从自由发展的历史来看,马克思的批判理论可以看成是揭示现代抽象统治的生存辩证法。在这种对现代生存抽象机制和抽象存在的批判中,历史唯物主义瓦解了历史终结论的封闭观念,揭示了不受价值抽象统治的未来生活方式是可能的。超越现代政治解放的自由全面发展成为历史叙事的新的旗帜。
三、主体—客体的辩证法
在现代启蒙思想家那里,以及在反对现代启蒙主义的后现代思想家那里,现代都被称为主体性的时代,人的自由在各个方面得到展开的时代。这一概念的基本内涵是指人成了自身存在的目的和动力,因此成了现代性叙事的“根据”。一方面,人在对自然的关系中摆脱蒙昧,获得运用和支配自然的科学技术;另一方面,人在社会生活中摆脱神的统治和等级制,获得了自由平等的权利。这意味着在工具理性和价值理性的层面上人都获得了解放,成为“主体”,成为尺度。人的理性作为主体性的内在规定成了一切存在的法庭,一切存在都要在理性的法庭上为自己的存在辩护,或者放弃存在的权利。

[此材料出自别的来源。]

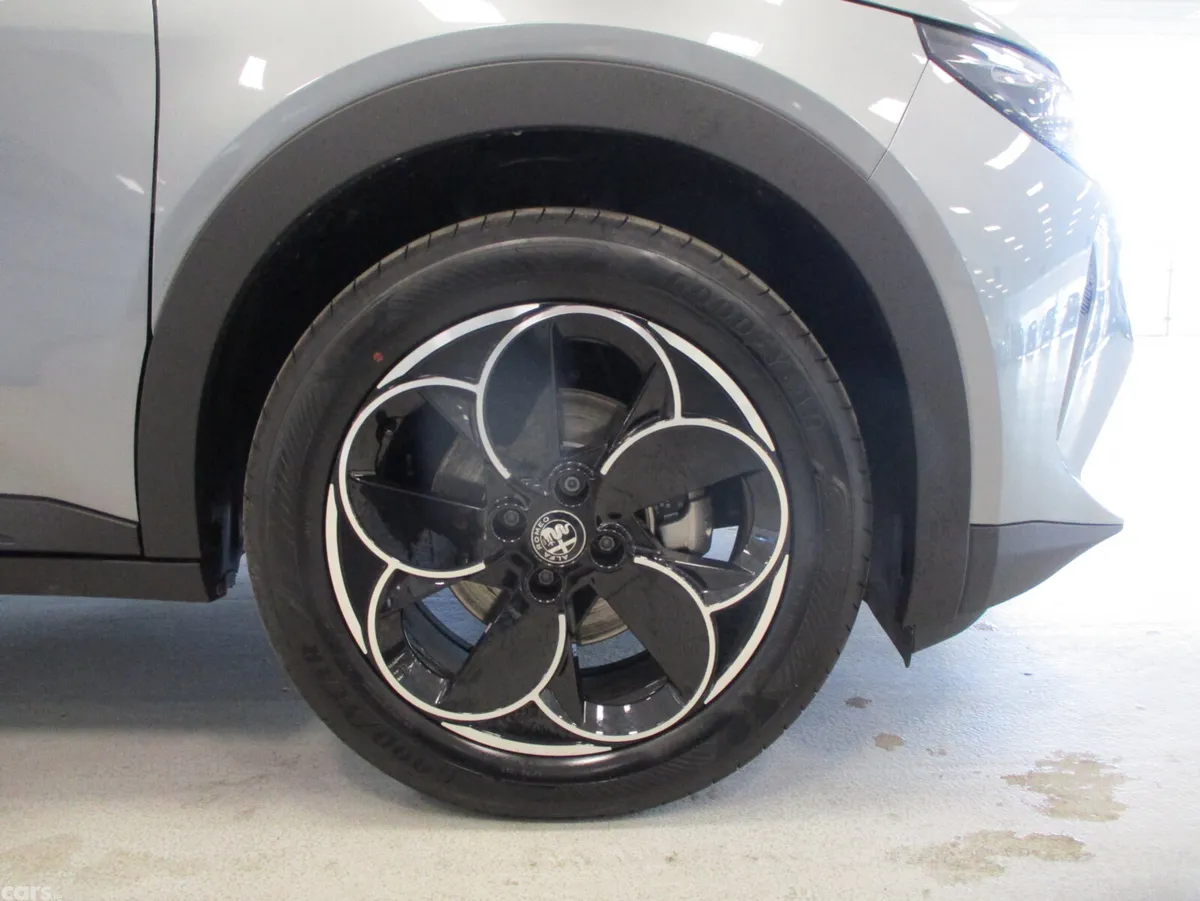 Alfa Romeo Junior SUV, Electric, 2026, Grey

现代被阐释为以人作为主体的人本论替代神本论的时代。
然而,通过对市民社会的政治经济学解剖,马克思揭示了现代解放中主体性和客体性的辩证法。在政治中、思想中获得解放的个体只是抽象的权利主体,他本身受到商品资本的统治,事实上是被动的存在。在上帝拜物教到商品拜物教的现代演进中,意识形态的结构并没有发生本质的改变,它只是从一种有神论的上帝拜物教变成了一种无神论的商品拜物教。商品、货币和资本是无神论拜物教在现代社会中新的“三位一体”,它们是现代生活中规定万物和支配万物的“神”,是现实主体。高呼自我解放的人匍匐在这个三位一体的“物神”面前,成为被动的客体,而没有像后现代批判的那样成为了“绝对主体”。真正说来,不是人的主体性精神的张扬而是资本统治才是现代性困境的根源。

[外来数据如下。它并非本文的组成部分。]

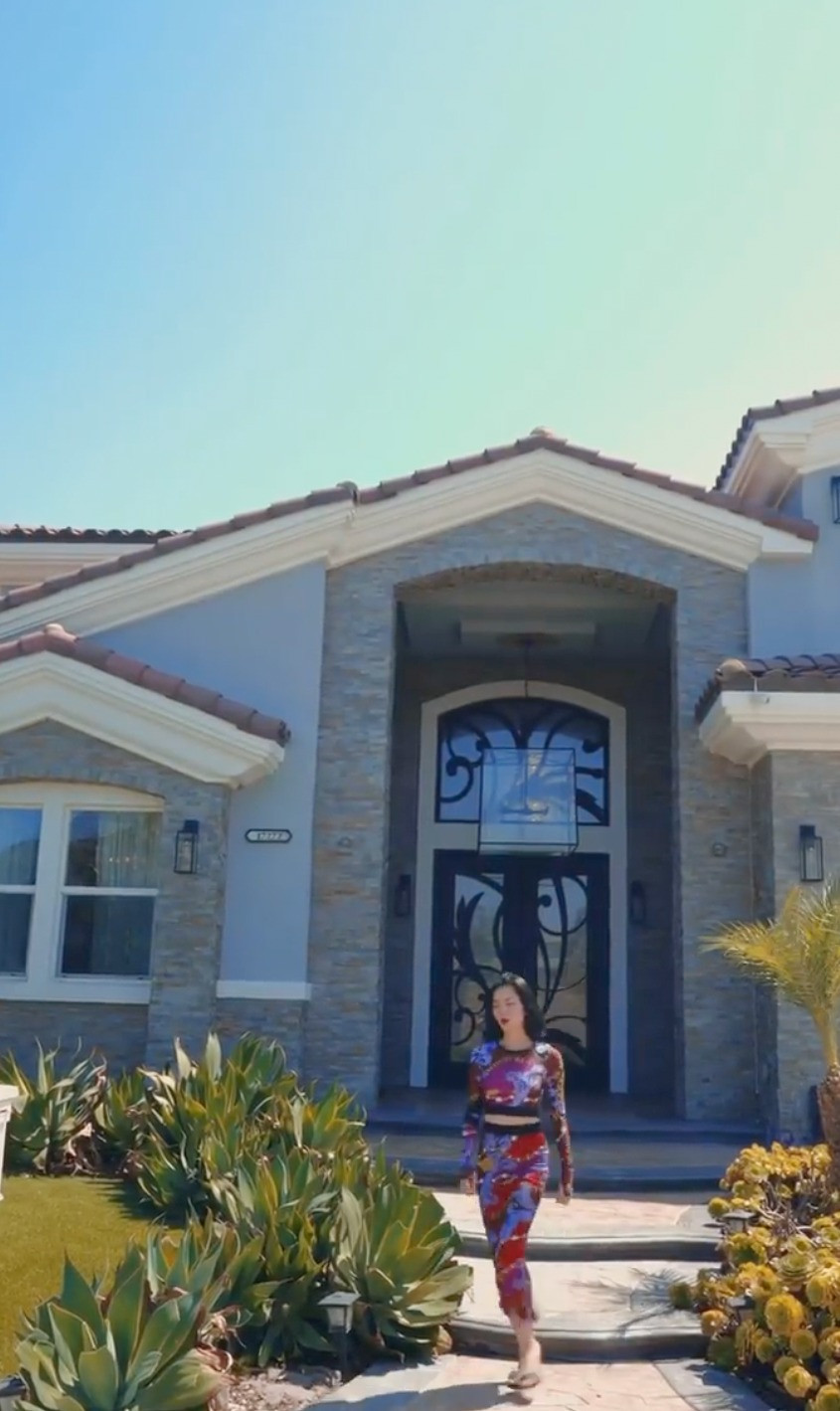 Mới đây, Lệ Quyên chia sẻ hình ảnh căn biệt thự ở Mỹ rộng 400 m2 được cô mua vào năm 2017. Đây là nơi nghỉ chân cho mỗi chuyến lưu diễn của nữ ca sĩ.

“上帝”曾经以救赎的名义成为“牧羊人”,在现代生活中,“资本”以平等交换的方式掩盖剥削,在实现自由的同时构成新的统治。马克思说,作为客体关系的资本获得了支配一切的主体性力量,具有了独立性和个性,而活动着的人本身却失去这种独立性和个性。在马克思看来,即使在资本关系中居于主导的、似乎是被满足和被巩固的有产者其实也只获得了一种人的生存的外观——他们仍然受资本支配,更不用说劳动被资本占有、不能自由支配自己劳动的人变成比畜生更可悲的存在了。自然、社会、人及其观念全面地被资本所规定,资本成为“特殊的以太”和“普照之光”,成为无坚不摧的塑造世界的力量,作为客体的东西成为了主体,而主体成了被动的客体。这就是现代解放中主客体颠倒和相互规定的辩证法。脱离了这种以资本为基础的存在论分析,脱离了这种在具体关系中展开的存在辩证法,就难以理解现代解放的成果及其限度。
小结
总之,如果我们将《资本论》实现的政治经济学批判看成是现代社会历史的基础存在论并且因此越出政治经济学批判本身的学科领域的话,我们获得的东西不会比停留在经济学批判中更少。这是哲学地解读《资本论》的有效出路。只有在社会历史的存在论视域中,只有超越了思辨形而上学的反思联系,对马克思《资本论》的研究才不会被搞成“应用的形而上学”。同样,马克思哲学才不会被搞成脱离经济学基础的思辨形而上学。正是在这个思想方向上,我们赋予历史唯物主义这个术语新的内涵,它被阐释为一种社会历史存在论,并且被看成是马克思思想体系的本质命名。